Victòria Rabal is an artist, master papermaker, and director of the Museu Molí Paperer de Capellades (Barcelona, Spain) since 1985. She was a founding member of IAPMA in 1986, and was designated a Paper Master by the Catalan government in 2008. Rabal has led many papermaking workshops at universities and cultural centers in Spain, Japan, Ecuador, Brazil, and the US. In recent years she has collaborated with artists such as Perejaume, Elena del Rivero, Miguel Barceló, and Eulalia Balcells.

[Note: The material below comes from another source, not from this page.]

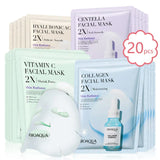 Centella Collagen Face Masks - Pack of 20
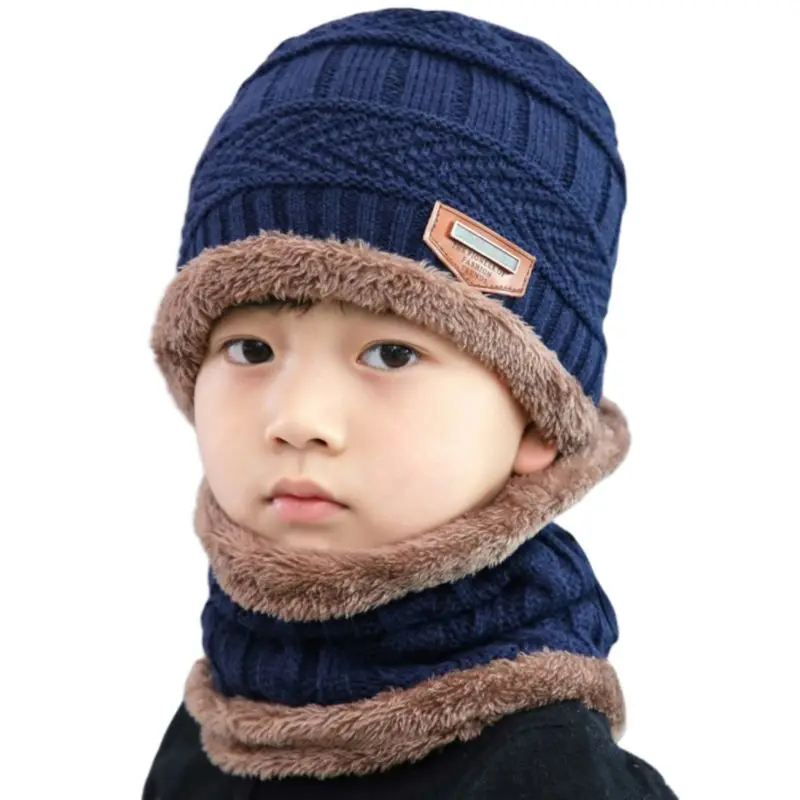 Взрослый Детские зимние штаны крупной вязки с узором из искусственного меха с флисовой подкладкой теплая шапочка-шарф комплект 24BC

Anne Vilsbøll (www.annevilsboll.com) is a Danish artist, author, and curator. Her artwork has been exhibited internationally. She has been a guest lecturer and guest professor at art academies and art museums, mainly in Scandinavia. Vilsbøll is the former editor and president of IAPMA and the founder of Makanne art residency in Udaipur, India (www.makanne.dk). Vilsbøll studied French and art history at universities in Copenhagen, Denmark and in Aix-en-Provence, France. She also studied visual communication at the Danish School of Education, at Jonstrup Seminarium; and learned papermaking from Frank Eckmaier at SUNY Buffalo and from Nance O’Banion at California College of the Arts in the early 1980s.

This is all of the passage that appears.